All above works adopted the DRL approach. Utilizing neural network-based function approximation algorithms, DRL is a powerful technique that is able to handle complex states and decision-making for agents. As such, DRL is both time- and resource-consuming. Further, unlike DRL that must learn from existing data to train algorithms to find patterns, and then use that to make predictions about new data, RL uses feedback (i.e., rewards) from interacting with the environment to maximize an agent’s cumulative reward. Thus the RL model is better suited to solve our SFC placement problem. Besides, as k-stroll problem has a low-dimensional and discrete setting in terms of agent’s states and actions, RL is sufficient to solve the SFC placement. We show that the our RL-based solution is competitive to the optimal solution.

Our work is inspired by Ant-Q [17], a family of algorithms that combines RL algorithms with the observation of ant colony behaviors. Ant-Q designed a Q-learning-based algorithm [34] to solve the traveling salesman problem. However, like [36], it assumed that the input is a pre-processed complete graph of the studied network. Our work does not have this assumption and our designed algorithm directly works on any network topologies such as fat-tree data center networks studied in this paper.

3 Problem Formulation

System Model. We model a data center network as an undirected graph G(VE) where \(V = V_h \cup V_s\) includes a set of hosts \(V_h = \{h_1, h_2, ..., h_{|V_h|}\}\) and a set of switches \(V_s = \{s_1, s_2, ..., s_{|V_s|} \}\). E is a set of edges, each connecting either one switch to another or a switch to a host. Figure 2 shows a K=4 fat-tree [4] data center where K is the number of ports per switch.Footnote 1

Fig. 2.
figure 2

A K-ary fat-tree data center with \(K=4\). It has 16 hosts: \(h_1\), \(h_2\), ..., and \(h_{16}\), an SFC with 3 VNFs: \(f_1\), \(f_2\), and \(f_3\), and a VM flow: \((v, v')\). One optimal and one non-optimal SFC placement and communication are shown in the blue solid line and the red dashed line, respectively. (Color figure online)

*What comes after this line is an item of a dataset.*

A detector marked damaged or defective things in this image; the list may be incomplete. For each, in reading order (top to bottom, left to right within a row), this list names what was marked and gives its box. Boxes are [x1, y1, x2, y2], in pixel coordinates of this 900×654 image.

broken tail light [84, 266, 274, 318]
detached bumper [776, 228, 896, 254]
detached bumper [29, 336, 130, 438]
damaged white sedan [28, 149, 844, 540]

There is an SFC consisting of n VNFs \(\mathcal{F}= \{f_1, f_2,..., f_n\}\), each of which needs to be installed (i.e., placed) on a different switch in the data center. Once the VNFs are installed, it requires that the VM traffic to go through the VNFs in the order of \(f_1\), \(f_2\), ..., and \(f_n\). We refer to \(f_1\) (and \(f_n\)) as the ingress (and egress) VNF, and the switch where the ingress (and egress) VNF is installed as the ingress (and egress) switch. There is one pair of communicating VMs \((v, v')\) already in the data center, where v is located at host s(v) and \(v'\) at \(s(v')\). v and \(v'\) are referred to as the source and destination VM, and s(v) and \(s(v')\) as source and destination host respectively.

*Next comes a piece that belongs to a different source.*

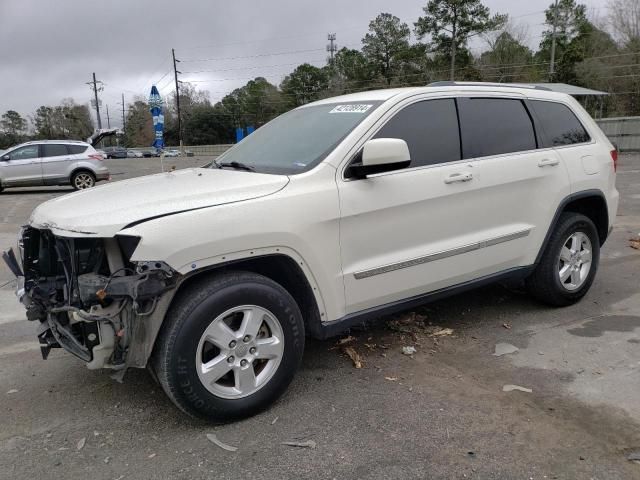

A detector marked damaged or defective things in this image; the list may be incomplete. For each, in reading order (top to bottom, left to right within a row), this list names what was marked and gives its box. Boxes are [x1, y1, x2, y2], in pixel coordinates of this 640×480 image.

crumpled hood [30, 168, 288, 237]
front-end collision damage [3, 227, 181, 376]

Each edge \((u,v) \in E\) has a weight w(uv), indicating either the network delay or energy cost on this edge caused by the VM communication. Given any host or switch u and v, let c(uv) denote the total cost of all the edges traversed by VM communication from u to v. Thus the communication cost of the VM flow \((v, v')\) is \(c\big (s(v),s(v')\big )\). Note that \(c\big (s(v),s(v')\big )\) is not necessarily the cost of the shortest path between s(v) and \(s(v')\), as the VM communication must traverse a sequence of VNFs.

Figure 2 shows the VM flow \((v, v')\), where v is located at host \(h_2\) and \(v'\) at \(h_{15}\), and one SFC consisting of three VNFs \(f_1\), \(f_2\) and \(f_3\). The blue solid line shows one optimal SFC placement for this VM flow, which results in 6 hops of VM communication between v and \(v'\). However, if we instead place \(f_2\) at one of the edge switches, the VM communication between v and \(v'\) becomes 10 hops, as shown in the red dashed line. Here, we use unweighted costs (i.e., number of edges) only for purpose of illustration, as the problem and its solution target weighted graphs. Table 1 shows all the notations.

Table 1. Notation summary

Problem Formulation. We define a SFC placement function as \(p: \mathcal{F}\rightarrow V_s\), which places VNF \(f_j \in \mathcal{F}\) at switch \(p(j) \in V_s\). Given any SFC placement p, denote the communication cost of VM flow \(v, v'\) under p as \(C_c(p)\). Therefore,

$$\begin{aligned} \begin{aligned} C_c(p)&= \sum _{j=1}^{n-1} c\big (p(j), p(j+1)\big ) + \Big ( c\big (s(v_i), p(1)\big ) + c\big (p(n), s(v_i')\big ) \Big ). \end{aligned} \end{aligned}$$
(1)

Note that for \((v, v')\), the ingress switch is always p(1) and the egress switch is always p(n). The objective of the SFC placement problem is to find a p to minimize \(C_c(p)\).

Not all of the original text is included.